◆ **Records for processing**:
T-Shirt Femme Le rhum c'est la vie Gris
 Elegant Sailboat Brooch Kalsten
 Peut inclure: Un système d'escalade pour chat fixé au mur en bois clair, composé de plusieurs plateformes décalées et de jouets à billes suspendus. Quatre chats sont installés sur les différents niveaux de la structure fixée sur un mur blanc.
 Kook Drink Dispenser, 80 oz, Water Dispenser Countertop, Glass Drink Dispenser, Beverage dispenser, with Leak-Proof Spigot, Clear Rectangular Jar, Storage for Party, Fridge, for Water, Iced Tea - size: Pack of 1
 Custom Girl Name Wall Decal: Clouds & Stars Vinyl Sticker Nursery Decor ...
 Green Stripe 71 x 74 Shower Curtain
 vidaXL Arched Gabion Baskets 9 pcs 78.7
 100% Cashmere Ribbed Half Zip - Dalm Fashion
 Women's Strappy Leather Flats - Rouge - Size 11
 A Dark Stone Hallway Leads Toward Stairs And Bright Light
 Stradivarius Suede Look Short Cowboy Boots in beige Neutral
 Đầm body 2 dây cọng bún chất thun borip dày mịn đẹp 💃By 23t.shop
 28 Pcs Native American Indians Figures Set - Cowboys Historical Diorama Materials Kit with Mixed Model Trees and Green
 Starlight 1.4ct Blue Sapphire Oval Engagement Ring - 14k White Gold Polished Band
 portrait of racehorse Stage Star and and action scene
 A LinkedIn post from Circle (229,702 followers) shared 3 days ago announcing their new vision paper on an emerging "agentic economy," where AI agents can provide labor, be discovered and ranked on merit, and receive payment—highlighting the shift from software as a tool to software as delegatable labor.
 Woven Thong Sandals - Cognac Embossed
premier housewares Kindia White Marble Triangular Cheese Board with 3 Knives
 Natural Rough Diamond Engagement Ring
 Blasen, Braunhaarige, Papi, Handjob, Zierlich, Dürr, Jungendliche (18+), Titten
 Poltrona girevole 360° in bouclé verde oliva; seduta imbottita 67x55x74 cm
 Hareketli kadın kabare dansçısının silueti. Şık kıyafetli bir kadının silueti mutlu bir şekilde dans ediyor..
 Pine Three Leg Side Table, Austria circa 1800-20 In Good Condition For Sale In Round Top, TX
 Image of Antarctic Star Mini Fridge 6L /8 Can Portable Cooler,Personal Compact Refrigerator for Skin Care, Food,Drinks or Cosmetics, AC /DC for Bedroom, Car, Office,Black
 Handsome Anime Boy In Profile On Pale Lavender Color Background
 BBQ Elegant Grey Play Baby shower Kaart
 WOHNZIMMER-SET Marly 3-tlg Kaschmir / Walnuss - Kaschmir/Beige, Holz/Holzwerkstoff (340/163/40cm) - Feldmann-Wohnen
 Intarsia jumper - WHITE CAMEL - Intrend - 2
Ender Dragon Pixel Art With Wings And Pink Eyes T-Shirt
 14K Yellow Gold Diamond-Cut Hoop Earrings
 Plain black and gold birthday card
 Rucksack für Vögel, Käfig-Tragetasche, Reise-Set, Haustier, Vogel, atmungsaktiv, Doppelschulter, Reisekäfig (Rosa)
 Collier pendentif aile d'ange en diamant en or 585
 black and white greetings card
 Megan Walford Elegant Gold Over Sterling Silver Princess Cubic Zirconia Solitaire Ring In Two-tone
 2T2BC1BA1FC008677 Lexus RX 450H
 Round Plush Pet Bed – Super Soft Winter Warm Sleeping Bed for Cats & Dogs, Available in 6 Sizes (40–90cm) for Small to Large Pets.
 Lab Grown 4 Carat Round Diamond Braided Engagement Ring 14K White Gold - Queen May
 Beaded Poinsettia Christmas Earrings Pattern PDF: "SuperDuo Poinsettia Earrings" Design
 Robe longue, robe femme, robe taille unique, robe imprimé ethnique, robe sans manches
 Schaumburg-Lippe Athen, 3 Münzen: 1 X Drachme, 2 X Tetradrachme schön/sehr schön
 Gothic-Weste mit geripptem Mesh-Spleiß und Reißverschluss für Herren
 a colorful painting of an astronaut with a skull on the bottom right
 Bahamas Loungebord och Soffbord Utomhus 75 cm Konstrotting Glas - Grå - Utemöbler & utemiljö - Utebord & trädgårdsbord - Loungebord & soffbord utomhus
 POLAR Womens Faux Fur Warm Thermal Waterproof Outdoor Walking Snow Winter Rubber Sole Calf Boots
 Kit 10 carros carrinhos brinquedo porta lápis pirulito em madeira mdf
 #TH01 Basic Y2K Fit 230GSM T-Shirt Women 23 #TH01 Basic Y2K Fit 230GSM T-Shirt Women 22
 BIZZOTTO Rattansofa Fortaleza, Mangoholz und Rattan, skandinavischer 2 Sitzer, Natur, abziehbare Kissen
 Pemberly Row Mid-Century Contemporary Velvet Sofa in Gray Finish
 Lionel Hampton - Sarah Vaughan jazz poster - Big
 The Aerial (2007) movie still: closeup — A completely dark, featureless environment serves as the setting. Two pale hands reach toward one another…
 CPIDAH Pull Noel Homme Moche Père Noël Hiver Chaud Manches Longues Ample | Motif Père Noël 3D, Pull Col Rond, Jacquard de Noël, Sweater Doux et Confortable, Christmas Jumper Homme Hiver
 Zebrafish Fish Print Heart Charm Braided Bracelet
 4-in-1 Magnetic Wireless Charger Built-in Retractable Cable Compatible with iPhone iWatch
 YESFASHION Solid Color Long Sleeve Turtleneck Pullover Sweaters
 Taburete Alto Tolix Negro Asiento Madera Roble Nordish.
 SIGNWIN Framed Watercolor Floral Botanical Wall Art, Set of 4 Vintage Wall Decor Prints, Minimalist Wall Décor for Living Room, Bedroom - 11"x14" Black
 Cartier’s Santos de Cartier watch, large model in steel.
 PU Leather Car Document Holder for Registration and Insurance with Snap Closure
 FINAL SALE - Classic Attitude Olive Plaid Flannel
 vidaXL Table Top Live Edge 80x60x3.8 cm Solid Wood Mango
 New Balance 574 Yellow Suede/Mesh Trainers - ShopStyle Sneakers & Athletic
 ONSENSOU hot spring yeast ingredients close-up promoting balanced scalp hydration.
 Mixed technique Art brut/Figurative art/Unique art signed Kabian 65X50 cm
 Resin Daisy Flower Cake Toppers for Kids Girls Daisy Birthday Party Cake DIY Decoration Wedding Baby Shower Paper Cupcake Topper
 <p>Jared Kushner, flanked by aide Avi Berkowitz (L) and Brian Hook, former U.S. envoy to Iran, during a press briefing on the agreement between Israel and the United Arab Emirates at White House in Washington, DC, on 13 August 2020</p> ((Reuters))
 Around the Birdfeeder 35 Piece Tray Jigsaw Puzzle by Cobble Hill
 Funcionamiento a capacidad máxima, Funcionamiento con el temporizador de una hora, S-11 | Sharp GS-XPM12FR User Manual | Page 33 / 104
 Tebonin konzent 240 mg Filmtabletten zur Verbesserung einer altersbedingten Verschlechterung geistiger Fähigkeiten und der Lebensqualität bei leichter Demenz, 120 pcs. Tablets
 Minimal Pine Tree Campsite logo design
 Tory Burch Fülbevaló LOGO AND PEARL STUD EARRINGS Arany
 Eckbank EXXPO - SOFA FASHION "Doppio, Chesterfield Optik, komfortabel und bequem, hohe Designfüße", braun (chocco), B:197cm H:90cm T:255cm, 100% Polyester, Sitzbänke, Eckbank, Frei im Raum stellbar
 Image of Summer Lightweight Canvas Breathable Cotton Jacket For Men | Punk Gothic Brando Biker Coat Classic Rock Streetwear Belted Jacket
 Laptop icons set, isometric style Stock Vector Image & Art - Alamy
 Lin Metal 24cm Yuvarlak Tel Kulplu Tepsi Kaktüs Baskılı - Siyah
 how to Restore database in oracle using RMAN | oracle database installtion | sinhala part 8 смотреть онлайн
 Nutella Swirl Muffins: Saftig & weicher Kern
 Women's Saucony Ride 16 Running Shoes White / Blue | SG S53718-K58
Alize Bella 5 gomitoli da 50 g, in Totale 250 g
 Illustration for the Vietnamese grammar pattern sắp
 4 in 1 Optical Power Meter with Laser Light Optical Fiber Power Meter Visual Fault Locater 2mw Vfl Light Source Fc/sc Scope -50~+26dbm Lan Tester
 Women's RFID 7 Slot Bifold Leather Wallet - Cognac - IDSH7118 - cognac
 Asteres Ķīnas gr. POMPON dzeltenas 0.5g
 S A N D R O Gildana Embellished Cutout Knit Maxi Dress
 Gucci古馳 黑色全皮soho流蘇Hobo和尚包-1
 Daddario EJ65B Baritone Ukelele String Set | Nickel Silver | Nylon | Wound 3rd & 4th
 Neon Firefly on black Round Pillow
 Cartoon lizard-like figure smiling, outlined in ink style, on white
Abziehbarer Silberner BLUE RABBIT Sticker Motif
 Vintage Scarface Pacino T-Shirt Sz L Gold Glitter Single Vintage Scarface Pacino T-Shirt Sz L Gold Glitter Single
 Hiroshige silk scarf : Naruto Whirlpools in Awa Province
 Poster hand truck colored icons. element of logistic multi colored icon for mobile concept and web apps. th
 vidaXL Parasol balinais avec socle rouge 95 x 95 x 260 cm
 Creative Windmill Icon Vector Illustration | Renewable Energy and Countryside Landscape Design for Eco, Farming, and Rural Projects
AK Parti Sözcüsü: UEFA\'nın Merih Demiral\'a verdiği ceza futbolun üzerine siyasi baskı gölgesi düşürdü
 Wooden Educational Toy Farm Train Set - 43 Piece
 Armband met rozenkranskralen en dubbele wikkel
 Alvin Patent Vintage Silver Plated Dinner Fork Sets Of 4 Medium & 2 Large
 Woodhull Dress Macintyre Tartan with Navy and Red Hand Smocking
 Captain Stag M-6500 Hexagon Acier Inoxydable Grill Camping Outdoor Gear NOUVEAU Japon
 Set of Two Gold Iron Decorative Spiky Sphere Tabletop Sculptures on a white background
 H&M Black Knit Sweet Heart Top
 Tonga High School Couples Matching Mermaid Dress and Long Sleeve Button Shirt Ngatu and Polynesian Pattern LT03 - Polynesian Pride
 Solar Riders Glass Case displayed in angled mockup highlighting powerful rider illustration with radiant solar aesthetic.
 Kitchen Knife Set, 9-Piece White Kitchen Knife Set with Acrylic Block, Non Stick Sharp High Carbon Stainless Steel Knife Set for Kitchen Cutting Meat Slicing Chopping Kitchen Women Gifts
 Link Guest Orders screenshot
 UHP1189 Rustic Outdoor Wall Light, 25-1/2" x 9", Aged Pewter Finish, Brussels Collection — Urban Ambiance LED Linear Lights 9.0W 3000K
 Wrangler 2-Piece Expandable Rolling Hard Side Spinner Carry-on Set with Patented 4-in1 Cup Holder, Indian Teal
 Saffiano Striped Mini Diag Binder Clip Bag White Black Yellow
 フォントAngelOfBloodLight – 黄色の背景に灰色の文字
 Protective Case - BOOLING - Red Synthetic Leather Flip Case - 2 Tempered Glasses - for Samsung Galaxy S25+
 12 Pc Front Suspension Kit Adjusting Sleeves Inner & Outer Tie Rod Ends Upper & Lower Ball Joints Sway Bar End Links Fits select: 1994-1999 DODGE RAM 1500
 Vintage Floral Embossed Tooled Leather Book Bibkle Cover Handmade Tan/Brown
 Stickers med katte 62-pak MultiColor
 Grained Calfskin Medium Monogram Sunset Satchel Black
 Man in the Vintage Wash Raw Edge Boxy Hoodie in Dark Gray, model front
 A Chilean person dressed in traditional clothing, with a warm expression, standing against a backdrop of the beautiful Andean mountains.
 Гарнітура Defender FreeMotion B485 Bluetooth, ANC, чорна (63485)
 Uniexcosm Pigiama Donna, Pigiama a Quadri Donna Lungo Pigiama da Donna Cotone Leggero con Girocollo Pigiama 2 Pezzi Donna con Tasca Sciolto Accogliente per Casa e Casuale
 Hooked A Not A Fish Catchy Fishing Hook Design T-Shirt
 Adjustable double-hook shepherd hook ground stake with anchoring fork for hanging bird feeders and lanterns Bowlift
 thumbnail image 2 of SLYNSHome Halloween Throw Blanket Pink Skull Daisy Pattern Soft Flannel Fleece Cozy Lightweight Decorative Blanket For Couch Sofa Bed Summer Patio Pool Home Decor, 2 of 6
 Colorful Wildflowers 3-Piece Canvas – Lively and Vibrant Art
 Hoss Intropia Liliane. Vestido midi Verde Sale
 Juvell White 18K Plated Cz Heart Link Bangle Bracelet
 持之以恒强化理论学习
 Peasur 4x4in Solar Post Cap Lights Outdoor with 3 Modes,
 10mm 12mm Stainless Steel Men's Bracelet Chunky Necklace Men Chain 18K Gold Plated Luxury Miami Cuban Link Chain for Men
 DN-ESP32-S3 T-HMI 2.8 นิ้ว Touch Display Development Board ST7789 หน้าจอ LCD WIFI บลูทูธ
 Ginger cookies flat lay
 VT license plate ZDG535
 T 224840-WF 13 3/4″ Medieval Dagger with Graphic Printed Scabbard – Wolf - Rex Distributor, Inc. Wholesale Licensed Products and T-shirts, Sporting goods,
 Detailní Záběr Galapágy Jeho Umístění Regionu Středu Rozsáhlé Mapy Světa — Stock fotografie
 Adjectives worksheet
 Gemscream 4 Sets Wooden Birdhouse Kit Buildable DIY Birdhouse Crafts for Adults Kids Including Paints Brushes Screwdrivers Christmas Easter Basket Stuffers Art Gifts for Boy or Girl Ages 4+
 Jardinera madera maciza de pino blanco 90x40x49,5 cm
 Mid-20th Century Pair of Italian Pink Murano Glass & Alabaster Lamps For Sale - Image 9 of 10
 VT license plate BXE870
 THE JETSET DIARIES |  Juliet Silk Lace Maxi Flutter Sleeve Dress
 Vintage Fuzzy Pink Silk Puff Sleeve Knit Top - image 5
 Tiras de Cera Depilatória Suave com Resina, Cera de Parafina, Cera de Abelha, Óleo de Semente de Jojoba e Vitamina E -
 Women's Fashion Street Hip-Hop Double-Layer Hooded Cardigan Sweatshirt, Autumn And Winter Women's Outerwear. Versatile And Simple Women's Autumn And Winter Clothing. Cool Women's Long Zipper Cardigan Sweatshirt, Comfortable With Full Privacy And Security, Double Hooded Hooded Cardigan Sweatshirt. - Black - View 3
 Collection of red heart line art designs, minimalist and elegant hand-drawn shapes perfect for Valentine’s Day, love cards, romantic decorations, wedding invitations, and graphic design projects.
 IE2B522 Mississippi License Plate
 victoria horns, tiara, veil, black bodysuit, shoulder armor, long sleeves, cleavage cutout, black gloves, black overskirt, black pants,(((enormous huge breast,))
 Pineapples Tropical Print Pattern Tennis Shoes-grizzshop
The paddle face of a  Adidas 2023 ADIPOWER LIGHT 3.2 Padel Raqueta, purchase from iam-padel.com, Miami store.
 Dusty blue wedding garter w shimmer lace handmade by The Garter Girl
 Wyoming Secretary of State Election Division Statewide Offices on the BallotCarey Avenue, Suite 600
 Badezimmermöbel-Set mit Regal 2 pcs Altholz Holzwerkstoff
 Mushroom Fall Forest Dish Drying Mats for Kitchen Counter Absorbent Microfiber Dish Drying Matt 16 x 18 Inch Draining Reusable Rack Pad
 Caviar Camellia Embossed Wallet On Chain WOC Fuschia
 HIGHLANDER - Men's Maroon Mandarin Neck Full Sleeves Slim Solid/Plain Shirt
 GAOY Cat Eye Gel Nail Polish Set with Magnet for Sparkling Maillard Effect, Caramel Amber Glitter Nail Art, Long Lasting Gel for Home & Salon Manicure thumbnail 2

◆ **Exercise**: The listing above holds a line with "Asteres Ķīnas gr. POMPON dzeltenas 0.5g" and a line with "Alvin Patent Vintage". Print the stretch from the first through the second, exactly and alone.

◆ **Expected answer**:
 Asteres Ķīnas gr. POMPON dzeltenas 0.5g
 S A N D R O Gildana Embellished Cutout Knit Maxi Dress
 Gucci古馳 黑色全皮soho流蘇Hobo和尚包-1
 Daddario EJ65B Baritone Ukelele String Set | Nickel Silver | Nylon | Wound 3rd & 4th
 Neon Firefly on black Round Pillow
 Cartoon lizard-like figure smiling, outlined in ink style, on white
Abziehbarer Silberner BLUE RABBIT Sticker Motif
 Vintage Scarface Pacino T-Shirt Sz L Gold Glitter Single Vintage Scarface Pacino T-Shirt Sz L Gold Glitter Single
 Hiroshige silk scarf : Naruto Whirlpools in Awa Province
 Poster hand truck colored icons. element of logistic multi colored icon for mobile concept and web apps. th
 vidaXL Parasol balinais avec socle rouge 95 x 95 x 260 cm
 Creative Windmill Icon Vector Illustration | Renewable Energy and Countryside Landscape Design for Eco, Farming, and Rural Projects
AK Parti Sözcüsü: UEFA\'nın Merih Demiral\'a verdiği ceza futbolun üzerine siyasi baskı gölgesi düşürdü
 Wooden Educational Toy Farm Train Set - 43 Piece
 Armband met rozenkranskralen en dubbele wikkel
 Alvin Patent Vintage Silver Plated Dinner Fork Sets Of 4 Medium & 2 Large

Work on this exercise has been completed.